---- SUPPLIED MATERIAL
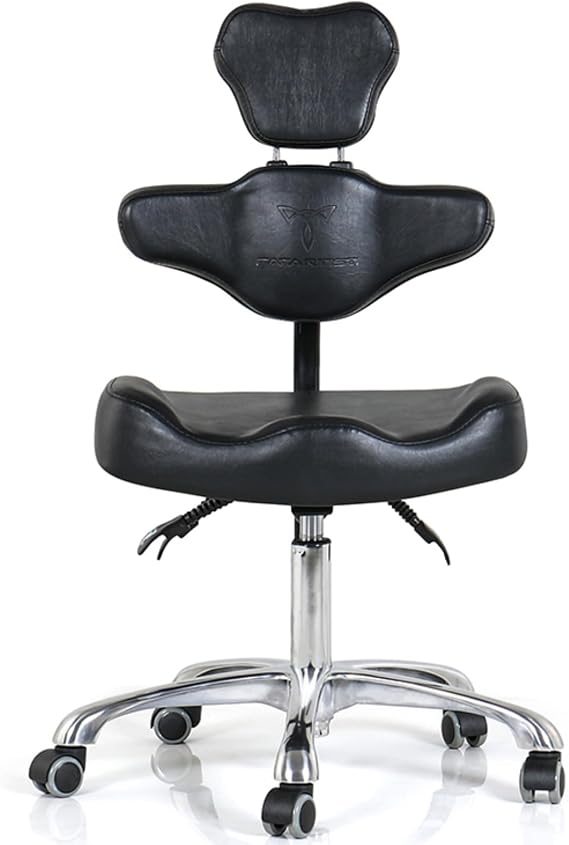 TATARTIST Tattoo Chair Hydraulic Rolling Stool Salon Chair Adjustable Swivel Saddle Stool with Wheels and Backrest Professional Beauty Spa Medical Barber Tattoo Pedicure Massage Chairs
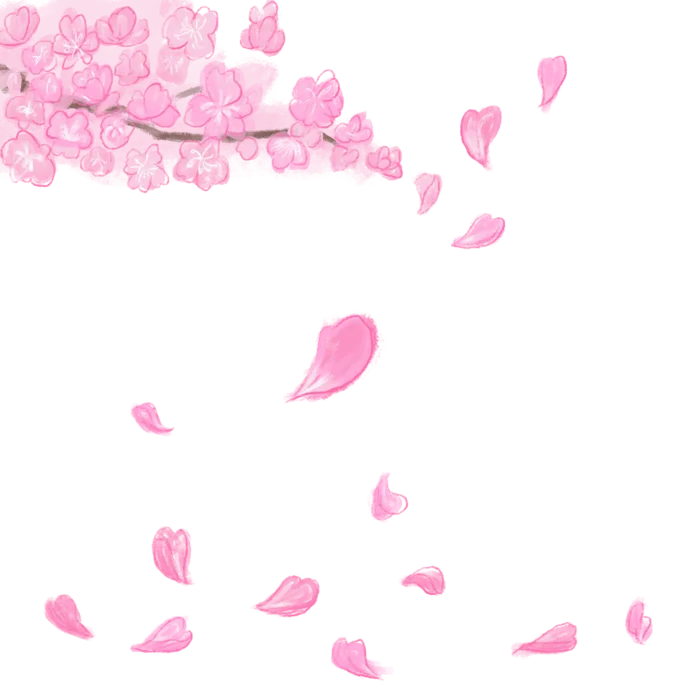 春天浪漫粉红色樱花手绘樱花梅花桃花花朵图片PNG免扣素材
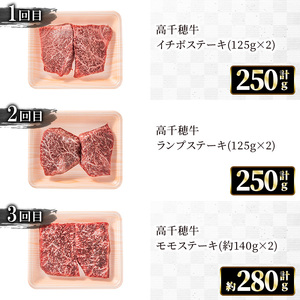 ＜定期便・6回(連続)＞高千穂牛・定期便(6ヶ月)【MT008】【JAみやざき 高千穂牛ミートセンター】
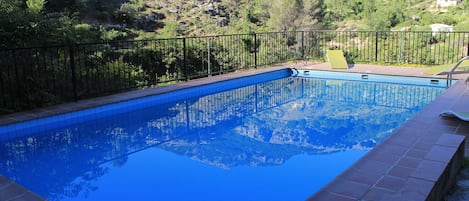 Outdoor pool, pool loungers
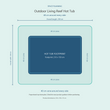 Load image into Gallery viewer, Top-down space plan for Outdoor Living Reef Hot Tub, showing the 210 x 150 cm footprint and a 40 cm zone around every side.
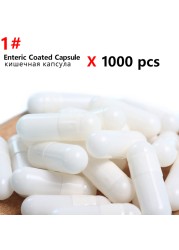 Enteric Coated Capsule 1# Enteric Empty Hard Gelatin Capsule Gel Medicine Pill Hollow Hard Gelatin Joined Capsules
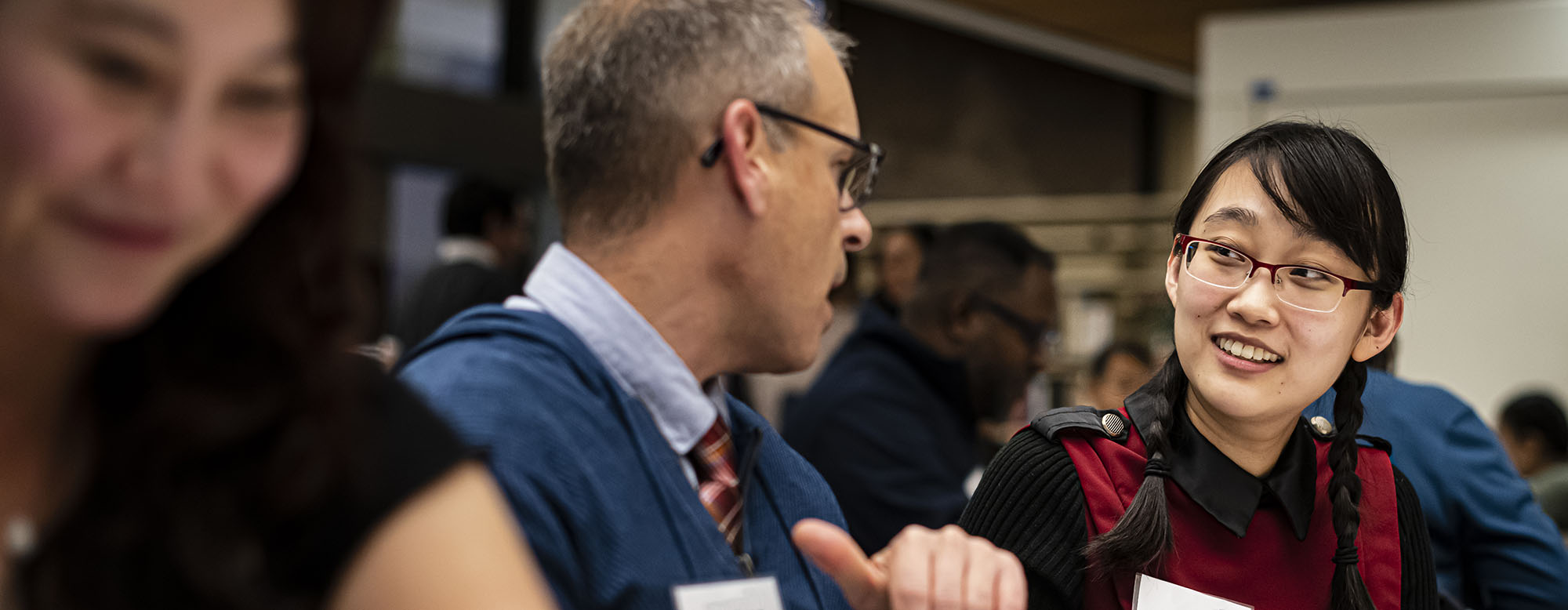 A mentor and mentee attending an OISE Mentorship event.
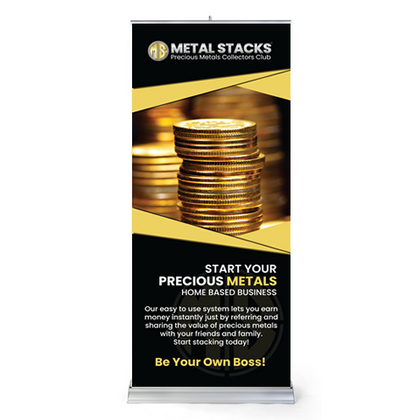 Retractable Banner Stand - Gold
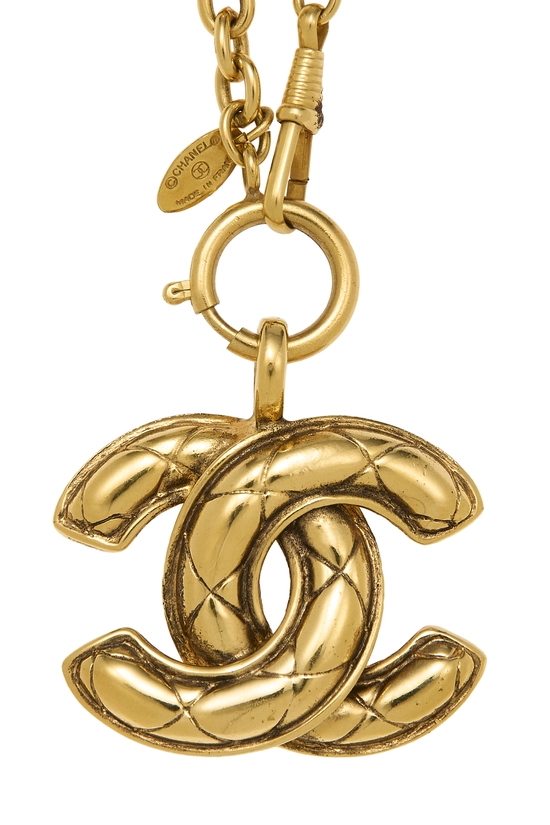 Gold Quilted 'CC' Necklace Medium, , large image number 1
--------
■ ACTIVITY: Output the material word for word, omitting its pictures.

■ REPLY:
 TATARTIST Tattoo Chair Hydraulic Rolling Stool Salon Chair Adjustable Swivel Saddle Stool with Wheels and Backrest Professional Beauty Spa Medical Barber Tattoo Pedicure Massage Chairs
 春天浪漫粉红色樱花手绘樱花梅花桃花花朵图片PNG免扣素材
 ＜定期便・6回(連続)＞高千穂牛・定期便(6ヶ月)【MT008】【JAみやざき 高千穂牛ミートセンター】
 Outdoor pool, pool loungers
 Load image into Gallery viewer, Top-down space plan for Outdoor Living Reef Hot Tub, showing the 210 x 150 cm footprint and a 40 cm zone around every side.
 Enteric Coated Capsule 1# Enteric Empty Hard Gelatin Capsule Gel Medicine Pill Hollow Hard Gelatin Joined Capsules
 A mentor and mentee attending an OISE Mentorship event.
 Retractable Banner Stand - Gold
 Gold Quilted 'CC' Necklace Medium, , large image number 1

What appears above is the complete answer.